Vertrieb: Einige beeindruckende Beispiele haben gezeigt, dass Social Media auch für den Vertrieb eine Rolle spielt. Das bekannteste Beispiel ist wohl DELL, denen es bis jetzt gelungenen ist, 3.000.000 US $ über den Vertriebsweg Twitter zu erwirtschaften. DELL folgt dabei einem einfachen Prinzip, dessen Strategie im Nachhinein nur eine logische Konsequenz aus dem Social Media Engagement ist:

Höre dem Kunden immer zu = Dialog auf Augenhöhe = biete ihm Angebote und Aktionen= Höre dem Kunden immer zu

Auch bei einem nationalen Beispiel zeigt sich Twitter als lukrative Vertriebsform: Dirk Würtz, auch bekannt als Winzer-Blogger , nutzt den Mircobloggingkanal  als ergänzenden Verkaufskanal.

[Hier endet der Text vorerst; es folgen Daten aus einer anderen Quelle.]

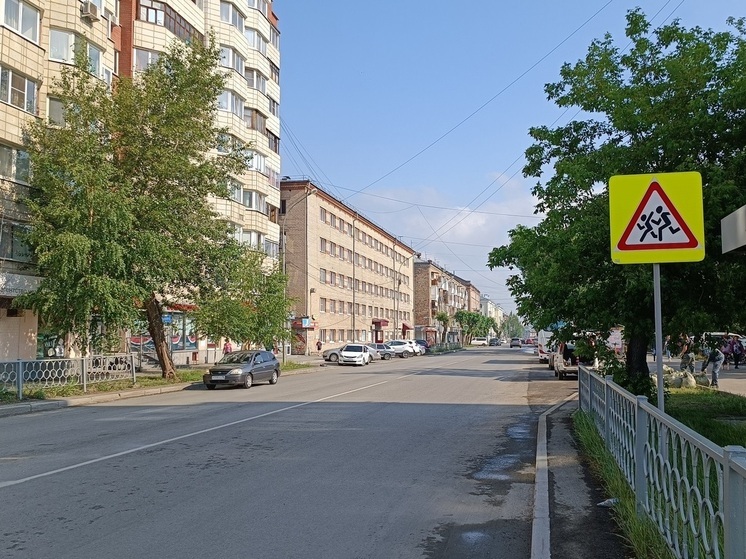 Два автомобиля столкнулись на пересечении Крауля и Заводской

Twitter ist hierbei natürlich nicht die einzige Alternative.

Allgemein gesprochen ist es für den Vertrieb eines Unternehmens ratsam, sich dort zu bewegen, wo der Kunde ist. Das bedeutet mittlerweile immer mehr, im Netz zu sein.

Business Development: Business Development im Allgemeinen kann von vorne herein nicht als Standardverfahren betrachtet werden, sondern erfordert eine hohes Maß an Kreativität und Fingerspitzengefühl. Doch die Möglichkeiten, die Social Media zu bieten haben, erleichtern den Business-Development-Prozess. Zum einen gibt es diverse Business-Plattformen (in Deutschland ist XING führend, Paradebeispiel aus den USA ist Linked In sowie Viadeo aus Frankreich), die speziell für (das Generieren von)Geschäftskontakte(n) zur Verfügung stehen und das Kontaktieren einfach machen. Das gilt genauso für weitere Social-Media-Netzwerke, die eine Plattform für Kontaktaufnahme, -Pflege und –Vertiefung bilden.

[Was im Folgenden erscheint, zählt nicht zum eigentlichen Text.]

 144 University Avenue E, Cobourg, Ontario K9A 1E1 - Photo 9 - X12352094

Zum anderen hilft die Social-Media-Präsenz eines Unternehmens, um Kontakte zu knüpfen, genauso wie die Präsenz einzelner Mitarbeiter, die dadurch dem Unternehmen ein Gesicht geben. Wie der Name schon sagt:

Social ist Sozial und Sozial ist Gespräch – auch mit geschäftlichen Kontakten.